Nadege — Hoje, o Bradesco é o único sócio do E-agro, mas, como qualquer fintech, percorremos todo o processo empreendedor: definição de estratégia, desenho de jornadas, testes, ajustes e aprendizados, tudo isso dentro de um banco enorme, menos acostumado a errar e com menor flexibilidade. Foi preciso estruturar tudo: metodologia de desenvolvimento, equipes e cultura. Criamos uma microcultura ágil dentro de uma organização robusta, passando um ano inteiro dedicados ao desenvolvimento do produto e à transformação das jornadas de crédito existentes em um terceiro produto digital. Era como tocar novas melodias em um ambiente já estabelecido, preparando pessoas para depois assumirem áreas de negócio e formar um modelo híbrido. Hoje vivemos um momento muito interessante: grande parte da operação já funciona, com adoção crescente de produtores e do mercado. Paralelamente, desenvolvemos novos produtos que seguirão o mesmo caminho, o que exige novos perfis de pessoas, abordagens e outro olhar de mercado. Liderar isso é desafiador e estimulante: é preciso enxergar o ambiente externo, atuar dentro da estrutura gigante do Bradesco e, ao mesmo tempo, manter o produtor rural no centro para gerar valor e facilitar a adoção.
M&M — Você tem uma vasta experiência no agronegócio. Como avalia a comunicação do setor ao longo do tempo?
Nadege — O agro é extremamente heterogêneo: diferentes perfis de produtores, inúmeros players, cooperativas, distribuição, múltiplos tipos de cultivo, cada um atuando em apenas uma fatia do setor. Do outro lado estão os bancos. Essa fragmentação faz com que muitos desconheçam o que acontece nos demais segmentos, perdendo oportunidades de vantagem competitiva. Por isso, a comunicação no agro precisou, antes de tudo, se tornar mais inclusiva, reunindo mais atores na mesma conversa. Em lançamentos de sementes ou tecnologias, por exemplo, era essencial colocar produtor, trader, indústria de insumos, máquinas e bancos na mesa. Para o produtor, que recebe tudo isso ao mesmo tempo, o acesso e a compreensão são ainda mais difíceis.
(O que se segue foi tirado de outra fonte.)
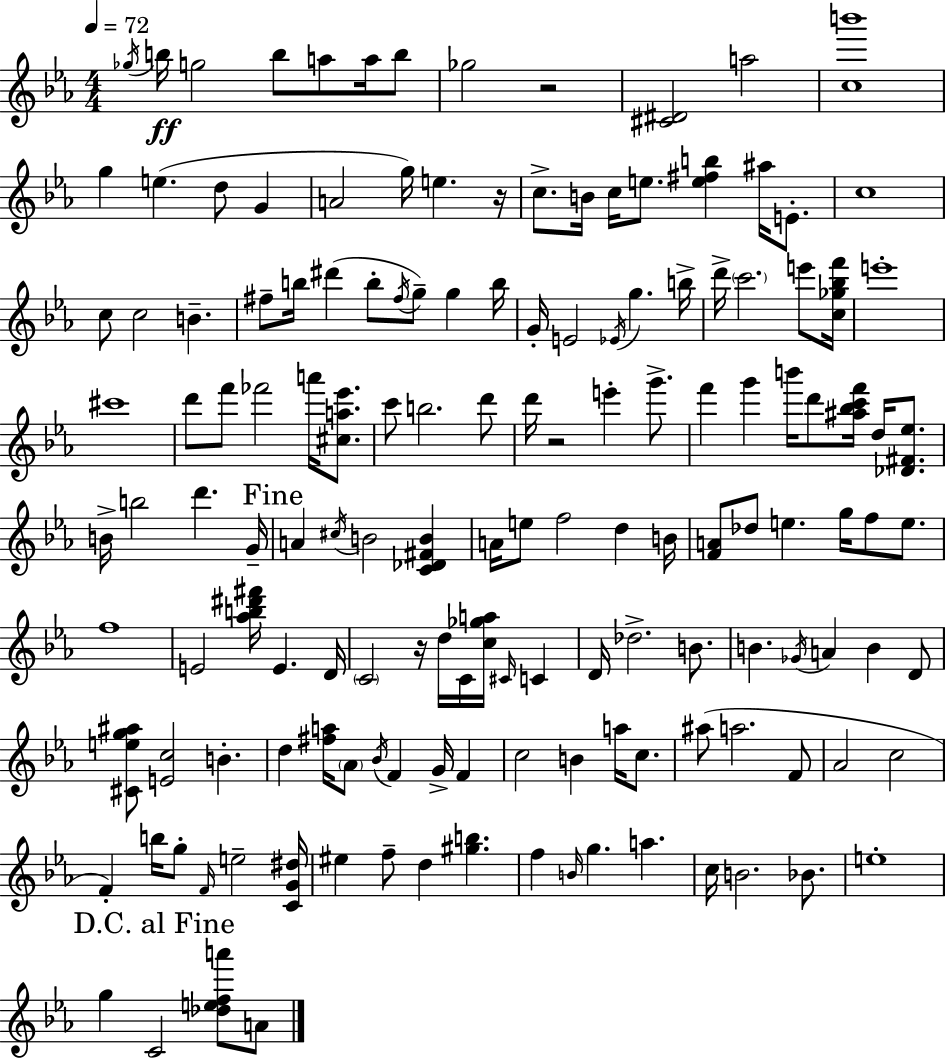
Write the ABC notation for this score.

A comunicação também teve de ficar mais didática. Informação técnica existe em abundância, mas a forma de transmitir conhecimento em mercados mais maduros não funciona igual no agro. No crédito, por exemplo, é preciso falar sobre responsabilidade financeira em um contexto de baixa educação, falta de planejamento e histórico de inadimplência. Assim, tornou-se fundamental padronizar mensagens essenciais e comunicá-las de forma clara e acessível.
M&M — Como as novas tecnologias estão impactando a jornada do cliente do setor e o comportamento de consumo?
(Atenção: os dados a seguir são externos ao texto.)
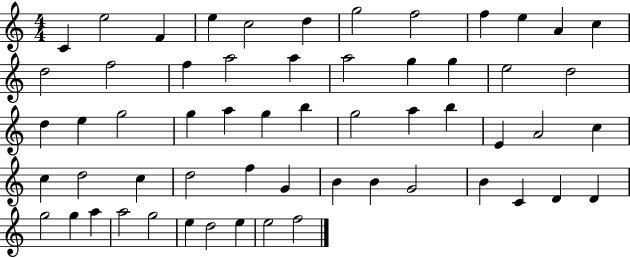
C4/q E5/h F4/q E5/q C5/h D5/q G5/h F5/h F5/q E5/q A4/q C5/q D5/h F5/h F5/q A5/h A5/q A5/h G5/q G5/q E5/h D5/h D5/q E5/q G5/h G5/q A5/q G5/q B5/q G5/h A5/q B5/q E4/q A4/h C5/q C5/q D5/h C5/q D5/h F5/q G4/q B4/q B4/q G4/h B4/q C4/q D4/q D4/q G5/h G5/q A5/q A5/h G5/h E5/q D5/h E5/q E5/h F5/h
Nadege — O produtor rural já é bastante digital dentro da porteira, independentemente do tamanho da fazenda. Na pecuária, usa brincos eletrônicos e pesagem automática. Na lavoura, máquinas fazem georreferenciamento e ajustam insumos por área. Ele adota tecnologia com facilidade, desde que entenda seu valor. O grande entrave segue sendo a conectividade, ainda muito limitada em regiões centrais do agro, onde muitas vezes não há sequer sinal de telefone. No universo bancário, porém, as opções eram restritas. Algumas plataformas surgiram, especialmente a do Banco do Brasil, mas o E-agro ampliou de fato o acesso ao crédito 100% digital: sem cartório, sem assinatura física. Hoje, oferece a melhor jornada digital para um processo historicamente complexo. Um produtor relatou que antes levava dias para protocolar uma proposta por causa da distância até a cidade; com o E-agro, concluiu uma operação estando na praia, uma mudança completa de experiência.
Agora o foco avança para o mundo das compras. O produtor adquire insumos, máquinas, serviços e infraestrutura, e cada compra é uma negociação muitas vezes ligada ao crédito. Marketplaces já ajudam na comparação de preços e trazem transparência, mas a adoção ainda é parcial porque o mercado é altamente intermediado e essa intermediação é valiosa, pois cada player oferece consultoria especializada. O caminho, portanto, não é eliminar intermediários, e sim integrá-los por meio da “co-inteligência”. A inteligência artificial terá papel central, permitindo que estabelecimentos construam ofertas mais assertivas, dando ao produtor segurança e conforto para decidir.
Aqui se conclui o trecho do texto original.